CPSU ACT secretary Vince McDevitt.

CPSU ACT secretary Vince McDevitt. Photo: Jeffrey Chan

Unions have accused the ACT Labor government of breaking an election promise to the territory's 20,000 public servants.

The ACT government has asked workers to accept a 2 per cent a year wage increase for four years.

The Community and Public Sector Union says the amount is a ''pay cut in real terms'' and worse than any wage offer from conservative governments in other states and territories.

Chief Minister Katy Gallagher.

Chief Minister Katy Gallagher. Photo: Rohan Thomson

ACT regional secretary Vince McDevitt said the government had also broken its election commitment to start wage negotiations as soon as possible after last year's election.

He said negotiations would start on June 4, coinciding with the ACT budget, while the existing agreement was due to expire on June 30.

Chief Minister Katy Gallagher's office said on Thursday claims the government had broken a promise to workers were false.

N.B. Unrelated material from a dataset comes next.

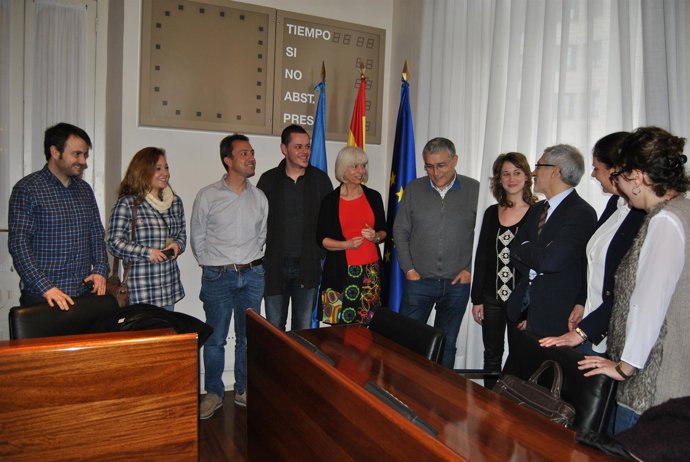 Marina Albiol (cuarta por la derecha), con el grupo de IU en la Junta.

In a letter to Mr McDevitt this week outlining the pay offer, the Chief Minister and Treasury Directorate said it ''was prudent for the ACT government to be restrained in its spending'' due to federal ''fiscal consolidation'' and the forthcoming federal election.

Last month, the Chief Minister recommended the territory's MLAs also accept a pay freeze this financial year due to economic conditions.

But Mr McDevitt said ACT public servants had been ''shafted'' and accused the government of delaying the start of negotiations to ensure the ''inferior offer'' was drowned out by the budget.

''This once again sets the stage for a greatly delayed process with a really modest outcome,'' he said.

He said conservative governments in NSW, Victoria and the Northern Territory had offered increases of 2.5 per cent to 3 per cent.

An offer of 2.35 per cent from Campbell Newman's government in Queensland was rejected by public servants in that state.

''What is surprising here is their behaviour and the position they've adopted is far worse than the conservatives around the country,'' he said.

''The only thing they're missing is the job cuts and god knows what's going to be in the budget.

''They're unreasonably restraining wages to the extent that our workers are being offered a pay cut because their salaries won't grow as much as inflation.''

Unions ACT secretary Kim Sattler had no doubt union members would vote down the pay offer unless it was increased.

''We actually prepared them for a bad outcome that was better than this,'' Ms Sattler said. ''What's been offered by McDonald's is better than this.''

Ms Gallagher described the increase as reasonable, saying the ACT Government had always given what it could afford.

“Two per cent is what the budget can withstand without seeking any trade off from our employees,” she said.

“We’re not looking to downsize the public service. In fact, over the next government, we’ll be looking to increase numbers in the public service.”

Speaking on ABC Radio, Ms Gallagher said the suggested increase of 3 per cent was not feasible without further impacting on the service.

“If there has to be a higher pay outcome, then we need to find that money from within the existing appropriations,” she said.

“Every 1 per cent is about $20 million to the budget."

A spokeswoman for Ms Gallagher further stated that claims the government had broken an election promise on the timing of negotiations were false.

''The ACT government has been in discussions with the unions since before Christmas,'' she said.